BODHI: Precise OS Kernel Specification Inference

BODHI: Precise OS Kernel Specification Inference

BODHI:精确的操作系统内核规范推断

The formal verification of operating system kernels requires precise specifications that capture the intended behavior of system calls. Writing these specifications manually demands deep domain expertise, motivating the use of large language models (LLMs) to automate the process. However, in OSV-Bench, a benchmark of 245 specification generation tasks derived from the Hyperkernel OS kernel, the best reported Pass@1 is 55.10%.

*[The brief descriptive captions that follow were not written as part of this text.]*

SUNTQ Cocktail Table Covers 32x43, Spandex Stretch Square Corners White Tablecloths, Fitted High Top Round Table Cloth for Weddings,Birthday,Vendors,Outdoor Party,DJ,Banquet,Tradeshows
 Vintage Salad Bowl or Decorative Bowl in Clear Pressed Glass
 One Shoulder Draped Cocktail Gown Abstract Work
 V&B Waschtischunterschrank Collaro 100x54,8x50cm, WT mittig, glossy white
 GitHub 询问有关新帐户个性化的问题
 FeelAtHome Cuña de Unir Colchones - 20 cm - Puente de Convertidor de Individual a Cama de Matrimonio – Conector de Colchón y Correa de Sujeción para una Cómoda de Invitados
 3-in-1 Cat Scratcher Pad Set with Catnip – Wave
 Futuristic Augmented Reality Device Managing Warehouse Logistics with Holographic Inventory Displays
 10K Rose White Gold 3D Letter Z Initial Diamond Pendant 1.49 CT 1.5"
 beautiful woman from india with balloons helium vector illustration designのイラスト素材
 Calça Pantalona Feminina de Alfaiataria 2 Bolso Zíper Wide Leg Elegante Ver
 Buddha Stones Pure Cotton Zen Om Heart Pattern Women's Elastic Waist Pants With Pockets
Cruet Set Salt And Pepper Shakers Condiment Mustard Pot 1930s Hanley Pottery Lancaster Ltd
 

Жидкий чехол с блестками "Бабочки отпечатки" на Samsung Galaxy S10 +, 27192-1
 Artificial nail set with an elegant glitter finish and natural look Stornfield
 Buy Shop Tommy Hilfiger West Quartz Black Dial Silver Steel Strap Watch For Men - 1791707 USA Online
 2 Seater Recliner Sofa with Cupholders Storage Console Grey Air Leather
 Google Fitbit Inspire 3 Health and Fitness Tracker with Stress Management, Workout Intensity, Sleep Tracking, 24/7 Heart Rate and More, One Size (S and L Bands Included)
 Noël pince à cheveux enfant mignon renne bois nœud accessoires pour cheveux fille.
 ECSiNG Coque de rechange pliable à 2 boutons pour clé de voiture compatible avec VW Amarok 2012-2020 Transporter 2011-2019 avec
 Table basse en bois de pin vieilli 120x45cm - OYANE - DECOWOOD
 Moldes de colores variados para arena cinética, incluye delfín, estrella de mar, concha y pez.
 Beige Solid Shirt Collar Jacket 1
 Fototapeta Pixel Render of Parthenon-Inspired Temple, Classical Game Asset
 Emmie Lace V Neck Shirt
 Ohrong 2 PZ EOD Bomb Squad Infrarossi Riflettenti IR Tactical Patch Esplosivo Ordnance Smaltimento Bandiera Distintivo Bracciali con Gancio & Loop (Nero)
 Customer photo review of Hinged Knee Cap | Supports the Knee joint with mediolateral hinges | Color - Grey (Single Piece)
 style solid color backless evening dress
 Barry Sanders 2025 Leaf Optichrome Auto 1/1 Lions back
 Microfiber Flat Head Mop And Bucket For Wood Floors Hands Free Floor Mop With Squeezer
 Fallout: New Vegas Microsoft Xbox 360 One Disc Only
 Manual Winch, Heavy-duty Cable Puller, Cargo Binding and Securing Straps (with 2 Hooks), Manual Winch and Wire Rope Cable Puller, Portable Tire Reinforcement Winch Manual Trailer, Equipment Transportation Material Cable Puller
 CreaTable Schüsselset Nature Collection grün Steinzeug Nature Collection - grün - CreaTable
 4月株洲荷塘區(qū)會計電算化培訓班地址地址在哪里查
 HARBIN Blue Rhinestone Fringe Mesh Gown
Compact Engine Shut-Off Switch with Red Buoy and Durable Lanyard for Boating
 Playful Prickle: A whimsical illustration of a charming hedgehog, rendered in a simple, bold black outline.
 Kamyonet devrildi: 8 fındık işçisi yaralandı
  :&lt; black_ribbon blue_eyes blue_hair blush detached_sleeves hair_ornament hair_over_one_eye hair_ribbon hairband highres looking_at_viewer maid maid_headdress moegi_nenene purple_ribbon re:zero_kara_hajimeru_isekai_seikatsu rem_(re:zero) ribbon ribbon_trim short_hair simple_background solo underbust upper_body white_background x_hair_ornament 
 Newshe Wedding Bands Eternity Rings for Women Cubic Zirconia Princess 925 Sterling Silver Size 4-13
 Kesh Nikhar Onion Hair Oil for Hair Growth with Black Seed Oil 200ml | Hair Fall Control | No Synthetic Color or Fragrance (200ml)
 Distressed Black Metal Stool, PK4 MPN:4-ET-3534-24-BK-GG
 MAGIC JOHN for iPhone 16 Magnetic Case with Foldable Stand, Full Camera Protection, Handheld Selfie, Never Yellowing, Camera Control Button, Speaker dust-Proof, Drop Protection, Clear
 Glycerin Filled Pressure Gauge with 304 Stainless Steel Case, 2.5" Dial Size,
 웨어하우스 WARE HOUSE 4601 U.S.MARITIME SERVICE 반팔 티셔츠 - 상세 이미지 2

操作系统内核的形式化验证需要精确的规范来捕捉系统调用的预期行为。手动编写这些规范需要深厚的领域专业知识,这促使人们利用大语言模型(LLMs)来自动化这一过程。然而,在源自 Hyperkernel 操作系统内核的 245 项规范生成任务基准测试 OSV-Bench 中,目前报告的最佳 Pass@1 准确率仅为 55.10%。

We propose a domain knowledge prompting method (BODHI), which augments the standard few-shot prompt with a structured C-to-Python translation guide covering 15 categories of domain-specific translation patterns. Inspired by Structured Chain-of-Thought (SCoT) prompting, the guide organizes translation by separation of concerns, addressing pre-condition extraction and post-condition generation as distinct categories.

我们提出了一种领域知识提示方法(BODHI),它通过包含 15 类特定领域翻译模式的结构化 C 语言到 Python 语言翻译指南,增强了标准的少样本(few-shot)提示。受结构化思维链(SCoT)提示的启发,该指南通过关注点分离来组织翻译,将前置条件提取和后置条件生成作为不同的类别进行处理。

Evaluated on nine models from six providers (Anthropic, Mistral, Amazon, DeepSeek, Meta, Alibaba), covering dense, mixture-of-experts and reasoning architectures, BODHI improves every model tested, with gains ranging from +11% to +32%. The best configuration (Claude Opus 4.6 + BODHI) reaches 96.73% Pass@1.

在来自六家供应商(Anthropic、Mistral、Amazon、DeepSeek、Meta、Alibaba)的九个模型上进行评估,涵盖了稠密模型、混合专家模型(MoE)和推理架构,BODHI 提升了所有受测模型的性能,增幅在 +11% 到 +32% 之间。最佳配置(Claude Opus 4.6 + BODHI)达到了 96.73% 的 Pass@1。

BODHI reduces both syntax and semantic errors, with the strongest effect on models that have sufficient instruction-following capability to utilize structured reference material. These results demonstrate that domain knowledge injection is a model-agnostic technique that substantially bridges the gap between general-purpose code generation and formal specification synthesis.

BODHI 同时减少了语法和语义错误,对于那些具备足够指令遵循能力以利用结构化参考资料的模型,其效果最为显著。这些结果表明,领域知识注入是一种与模型无关的技术,能够显著弥合通用代码生成与形式化规范合成之间的差距。